В ту же секунду я нанес ей новый удар рукояткой пистолета по голове, надеясь в последнее мгновение, что этот удар не окажется смертельным. Толстуха замерла. Заперев наружной задвижкой дверь и пытаясь на ходу завязать халат, я бросился в свою палату, выхватил из матраца свои записки, сунул их карман, и как можно осторожнее потащил Кито в коридор, положил ее у дверей француженки и тихо приоткрыл дверь. За дверью стояла моя незнакомка в длинной белой рубашке и с удивлением и даже с испугом переводила сонный взгляд с лежавшей Кито на меня.

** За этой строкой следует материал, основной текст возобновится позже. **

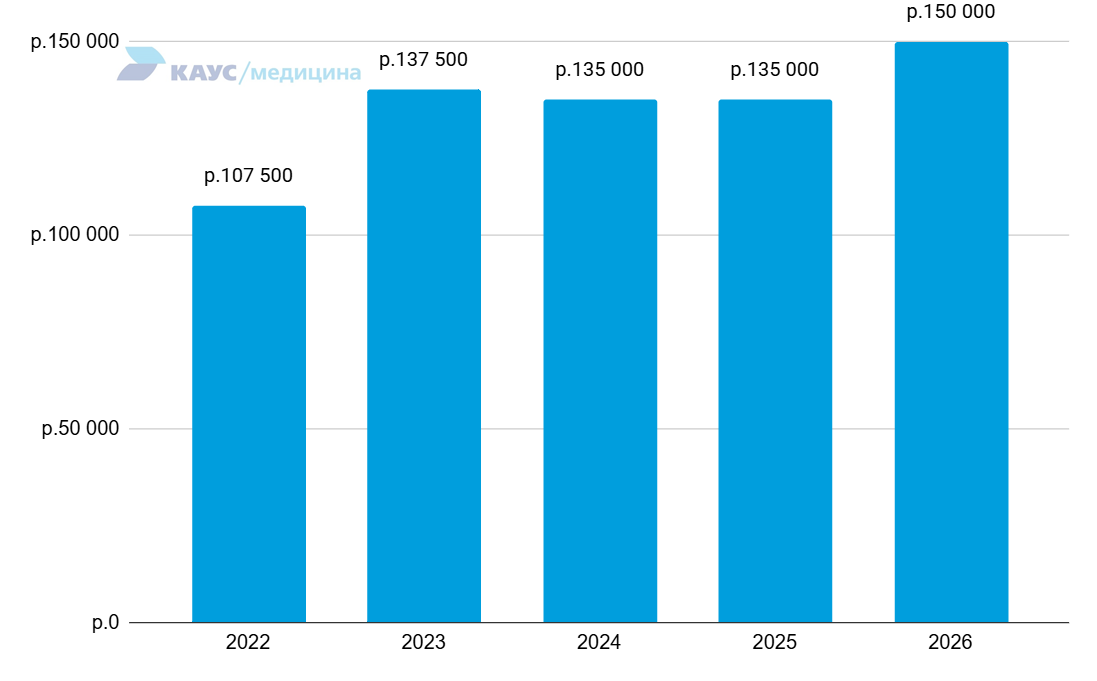 zarplata-starshey-medsestry-2022-2026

— Что… — она хотела что-то спросить.
— О, дорогая, милая мадмуазель! Нет времени объясняться. Взгляните на меня внимательнее. Я Анри Ландаль, я загримирован, я у вас был и я бегу, иначе мне здесь смерть. А эта милая девушка, драгоценная, ваша сиделка, помогла мне, ее ранили. Спасите ее! Умоляю вас! А мы вас вырвем отсюда! Клянусь!
Все это довольно бессвязно я выпалил, кажется, одним духом.
— А кто…
Но я снова перебил ее:
— Японец, дьявол — доктор! Но вы скажете, что видели, как Кито пыталась задержать меня, а я, конечно именно я, выстрелил в нее. Надеюсь на вас! Прощайте, нет, до свидание!
Я наклонился к слабо и приглушенно стонавшей Кито.
— Кито, ты слышишь меня?
Девушка кивнула головой.
— Кито, ты скажешь, что это я ранил тебя! Понимаешь. А перевязала она, француженка. Понимаешь?
Она вновь слабо кивнула головой, не открывая глаз и болезненно морщась.
— До свидания!
Я перетащил Кито через порог в палату, поцеловал ее в голову, пожал руку француженке и устремился в коридор.
— Стойте! — прозвучал тихий, но властный голос за моей спиной. Я обернулся.
— Давайте я вам халат завяжу!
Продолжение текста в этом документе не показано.